Deploying deep reinforcement learning on resource-constrained devices remains a significant challenge due to the energy-intensive nature of the sequential decision-making process. Model compression can reduce the spatial (e.g. storage, memory) requirements of a policy network, but this does not always translate to a proportional increase in inference speed and computational efficiency. We introduce a novel temporal compression paradigm that improves the efficiency more directly, by reducing the number of predictions needed to complete a task. This method, based on policy distillation, allows a student model to learn when a change of action will be required by observing sequences of identical actions in the trajectories of an existing teacher model. At each decision, the student can then predict both an action and how many times to perform this action consecutively. This approach allows any existing policy for discrete action spaces to be optimized for energy efficiency through both spatial and temporal compression simultaneously.
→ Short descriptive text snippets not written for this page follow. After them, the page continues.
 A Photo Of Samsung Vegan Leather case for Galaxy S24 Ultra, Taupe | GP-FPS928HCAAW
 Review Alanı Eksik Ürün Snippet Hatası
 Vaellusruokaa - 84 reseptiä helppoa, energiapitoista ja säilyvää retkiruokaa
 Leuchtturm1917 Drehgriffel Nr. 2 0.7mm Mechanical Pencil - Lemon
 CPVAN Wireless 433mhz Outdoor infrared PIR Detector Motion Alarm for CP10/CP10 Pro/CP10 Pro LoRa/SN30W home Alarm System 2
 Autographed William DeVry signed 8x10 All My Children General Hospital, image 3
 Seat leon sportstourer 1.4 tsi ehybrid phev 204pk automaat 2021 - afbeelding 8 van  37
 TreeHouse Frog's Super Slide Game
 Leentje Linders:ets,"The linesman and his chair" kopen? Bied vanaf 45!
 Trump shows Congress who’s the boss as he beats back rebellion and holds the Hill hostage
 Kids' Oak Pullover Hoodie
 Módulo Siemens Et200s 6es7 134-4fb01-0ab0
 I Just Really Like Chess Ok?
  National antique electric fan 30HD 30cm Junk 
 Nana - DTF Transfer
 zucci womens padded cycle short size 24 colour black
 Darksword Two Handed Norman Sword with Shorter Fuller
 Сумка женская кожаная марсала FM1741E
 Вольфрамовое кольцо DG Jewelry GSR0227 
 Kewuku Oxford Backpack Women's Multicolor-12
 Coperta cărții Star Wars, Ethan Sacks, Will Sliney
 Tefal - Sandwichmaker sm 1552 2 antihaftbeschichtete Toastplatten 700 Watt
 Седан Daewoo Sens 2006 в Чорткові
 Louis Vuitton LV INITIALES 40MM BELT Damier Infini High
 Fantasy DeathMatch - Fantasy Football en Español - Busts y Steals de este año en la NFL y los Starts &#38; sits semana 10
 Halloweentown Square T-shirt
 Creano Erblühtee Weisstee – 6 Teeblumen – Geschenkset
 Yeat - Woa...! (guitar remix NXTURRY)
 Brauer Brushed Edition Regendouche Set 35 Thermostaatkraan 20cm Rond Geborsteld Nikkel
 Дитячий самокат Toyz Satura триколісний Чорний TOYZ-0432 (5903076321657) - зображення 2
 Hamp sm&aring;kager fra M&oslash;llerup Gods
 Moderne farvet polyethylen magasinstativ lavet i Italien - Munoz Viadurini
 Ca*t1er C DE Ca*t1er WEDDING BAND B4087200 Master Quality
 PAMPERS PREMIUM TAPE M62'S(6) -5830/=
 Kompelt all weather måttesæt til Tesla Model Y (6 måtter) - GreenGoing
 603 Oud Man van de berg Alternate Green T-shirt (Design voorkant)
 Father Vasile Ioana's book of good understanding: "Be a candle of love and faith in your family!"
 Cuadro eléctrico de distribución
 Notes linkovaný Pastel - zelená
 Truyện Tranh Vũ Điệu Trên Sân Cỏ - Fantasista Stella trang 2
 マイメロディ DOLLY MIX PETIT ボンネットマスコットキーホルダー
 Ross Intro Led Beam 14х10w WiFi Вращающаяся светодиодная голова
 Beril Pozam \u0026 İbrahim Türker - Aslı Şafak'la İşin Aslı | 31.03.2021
Experiments on devices ranging from a microcontroller and smartphone processor to a data centre GPU show how this method can decrease the average time it takes to predict an action by up to 13.5 times, compared to 4 times through spatial compression alone, while maintaining a similar average return as the original teacher. In practice, this allows complex models to be deployed on ultra-low-power devices, enabling them to conserve energy by remaining in sleep mode for longer periods, and still achieve high runtime and task performance.